MALEEHA LODHI (Pakistan) said that conflicts continued to rage around the world and the longstanding internationally recognized disputes regarding Palestine, as well as Jammu and Kashmir, continued to fester.  The Palestinian and Kashmiri people continued to suffer horrific human rights violations at the hands of occupying forces, while the world continued to watch without responding to those egregious situations.  The drivers of such challenges, including political and economic injustice and terrorism and violent extremism, must be addressed.  What was needed was a shift from a culture of reaction to a culture of prevention.  There was obviously no one‑size‑fits‑all solution to conflict prevention and mitigation.  Moving a country towards durable peace began with a clear understanding of the sources and nature of conflicts, she said.
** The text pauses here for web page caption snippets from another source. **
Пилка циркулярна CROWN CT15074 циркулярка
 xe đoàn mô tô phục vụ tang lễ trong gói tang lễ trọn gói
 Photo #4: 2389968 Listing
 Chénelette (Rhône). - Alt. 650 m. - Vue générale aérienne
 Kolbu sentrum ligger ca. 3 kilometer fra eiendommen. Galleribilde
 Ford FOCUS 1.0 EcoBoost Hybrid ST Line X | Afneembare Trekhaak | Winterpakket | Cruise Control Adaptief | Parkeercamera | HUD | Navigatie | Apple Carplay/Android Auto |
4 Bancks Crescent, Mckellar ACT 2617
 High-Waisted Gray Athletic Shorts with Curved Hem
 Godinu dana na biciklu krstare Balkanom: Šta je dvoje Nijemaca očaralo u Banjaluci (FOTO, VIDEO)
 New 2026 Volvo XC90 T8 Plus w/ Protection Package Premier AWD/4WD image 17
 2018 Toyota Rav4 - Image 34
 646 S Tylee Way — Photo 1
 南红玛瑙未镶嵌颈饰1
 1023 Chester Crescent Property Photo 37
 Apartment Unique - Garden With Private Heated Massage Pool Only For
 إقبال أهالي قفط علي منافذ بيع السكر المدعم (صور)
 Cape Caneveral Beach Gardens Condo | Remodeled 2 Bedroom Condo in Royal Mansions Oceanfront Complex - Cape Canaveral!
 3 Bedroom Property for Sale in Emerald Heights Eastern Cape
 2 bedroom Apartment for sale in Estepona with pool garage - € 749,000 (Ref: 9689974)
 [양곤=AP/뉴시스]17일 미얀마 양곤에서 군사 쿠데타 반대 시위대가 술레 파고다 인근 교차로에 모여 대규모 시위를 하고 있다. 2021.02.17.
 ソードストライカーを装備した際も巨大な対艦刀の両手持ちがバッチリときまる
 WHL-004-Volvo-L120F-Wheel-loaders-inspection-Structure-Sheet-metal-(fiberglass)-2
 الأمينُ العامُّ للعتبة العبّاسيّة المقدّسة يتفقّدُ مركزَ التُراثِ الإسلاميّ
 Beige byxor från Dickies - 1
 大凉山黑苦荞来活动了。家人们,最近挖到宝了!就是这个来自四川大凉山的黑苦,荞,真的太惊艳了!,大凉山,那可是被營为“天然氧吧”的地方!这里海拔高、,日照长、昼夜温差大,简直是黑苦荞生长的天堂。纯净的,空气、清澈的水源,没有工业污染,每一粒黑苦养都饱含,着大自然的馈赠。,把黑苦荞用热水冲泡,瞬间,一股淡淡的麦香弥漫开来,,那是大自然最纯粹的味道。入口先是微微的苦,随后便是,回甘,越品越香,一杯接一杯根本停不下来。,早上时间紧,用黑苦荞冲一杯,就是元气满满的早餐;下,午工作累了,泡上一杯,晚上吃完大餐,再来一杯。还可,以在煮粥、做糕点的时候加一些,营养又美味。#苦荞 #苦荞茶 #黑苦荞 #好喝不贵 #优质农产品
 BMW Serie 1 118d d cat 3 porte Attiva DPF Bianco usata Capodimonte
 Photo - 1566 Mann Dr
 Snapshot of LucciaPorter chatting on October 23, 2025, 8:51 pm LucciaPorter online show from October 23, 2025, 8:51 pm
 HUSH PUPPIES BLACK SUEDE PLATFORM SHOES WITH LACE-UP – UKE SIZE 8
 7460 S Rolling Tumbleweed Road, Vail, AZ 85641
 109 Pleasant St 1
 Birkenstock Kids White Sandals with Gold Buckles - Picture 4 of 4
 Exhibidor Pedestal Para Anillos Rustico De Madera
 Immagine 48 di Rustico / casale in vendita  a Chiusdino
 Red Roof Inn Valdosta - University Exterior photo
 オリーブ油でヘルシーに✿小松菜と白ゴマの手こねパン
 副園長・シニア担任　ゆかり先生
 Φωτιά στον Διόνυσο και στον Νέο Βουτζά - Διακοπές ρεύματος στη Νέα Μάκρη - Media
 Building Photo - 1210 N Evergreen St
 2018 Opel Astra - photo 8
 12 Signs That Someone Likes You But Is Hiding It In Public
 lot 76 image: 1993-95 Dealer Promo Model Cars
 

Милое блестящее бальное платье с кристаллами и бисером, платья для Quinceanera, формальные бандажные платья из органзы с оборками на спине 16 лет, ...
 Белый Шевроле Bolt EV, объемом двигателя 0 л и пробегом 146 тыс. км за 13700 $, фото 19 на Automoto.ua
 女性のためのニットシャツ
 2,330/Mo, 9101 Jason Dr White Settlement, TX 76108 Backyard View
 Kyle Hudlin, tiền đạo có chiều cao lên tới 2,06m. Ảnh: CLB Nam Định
KATALIN ANNAMÁRIA BOGYAY (Hungary) said that “comprehensive”, “integrated” and “holistic” were not just buzzwords, but real calls for action and anchors for the work of the United Nations.  The only way to achieve and preserve peace was through dialogue, she said, expressing appreciation for the Secretary‑General’s dedication to start a surge in diplomacy.  Preventive processes should include intercultural and interreligious dialogue and reconciliation, hand in hand with moderate religious and community leaders and faith‑based organizations.  Further, there was no sustainable peace without respecting human rights and international humanitarian law.

JÜRG LAUBER (Switzerland) said the United Nations framework for conflict prevention was in the DNA of the 2030 Agenda and in resolutions on sustaining peace adopted by the Council and the General Assembly.  It was also anchored in the Secretary‑General’s reform agenda.  Further, the implementation of the Paris Agreement was a significant preventative step as it acknowledged the strong links between climate change and peace and security.  As respect for human rights was also key to conflict prevention, his country had launched the “Appeal of June 13” to enhance systematic cooperation within the United Nations system on human rights issues.  The appeal specifically called for intensified cooperation between the Council and human rights organs of the United Nations with a view to strengthen conflict prevention.  He also highlighted that many grievances started around issues of perceived or real exclusion and injustice; they deserved greater attention.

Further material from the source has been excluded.